EXISTING HARDWARE (on new server)
1x Intel - Xeon E5-2670 2.6GHz 8-Core Processor
1x ASRock EPC602D8A LGA 2011
2x Samsung - 850 EVO-Series 250GB
2x Plextor M8Pe(G) 128GB NVMe PCI-Express
8x 4GB RAM HMT151R7BFR4C-H9
FUTURE HARDWARE
16x HGST 8TB Ultrastar He8 HUH728080ALE604
QUESTIONS
I’d like the write-back cache of the Pool to sustain, worse case, 100GB of data per transfer, at 400+MB/s. Is this possible, and how can I get there? Is an NVMe SLOG the answer?

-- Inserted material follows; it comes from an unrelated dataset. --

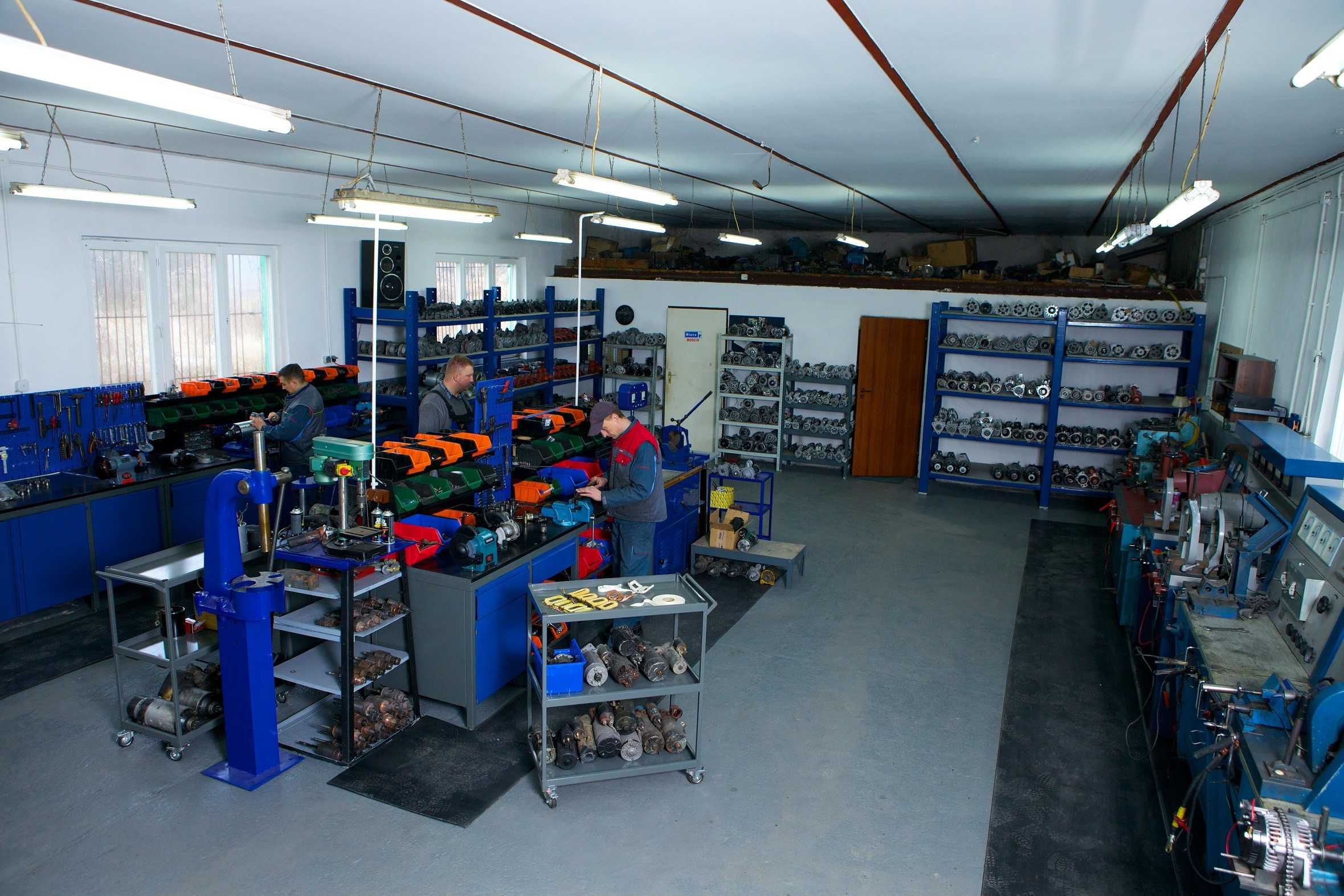 Rozrusznik hatz atlas alternator valtra hyster wózek manitou jcb deutz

Whichever strategy is needed, I need the write-back cache to be only for write-back. If the system is going to place recently used or high demand data there, all it takes is a few video files, and the cache could be full. Can you have a write-back cache in ZFS that is write-back only? (I’m OK with the NVMe drives sitting and doing nothing most of the time if that’s what it takes)
Do I even need to worry about this? Will the performance of Raidz2 be enough on its own?
Also, is 400+MB/s unrealistic?
OTHER STUFF
Ultimately, the ZFS server will become the primary machine, and the current Storage Space server will be blown up and rebuilt, becoming a full backup.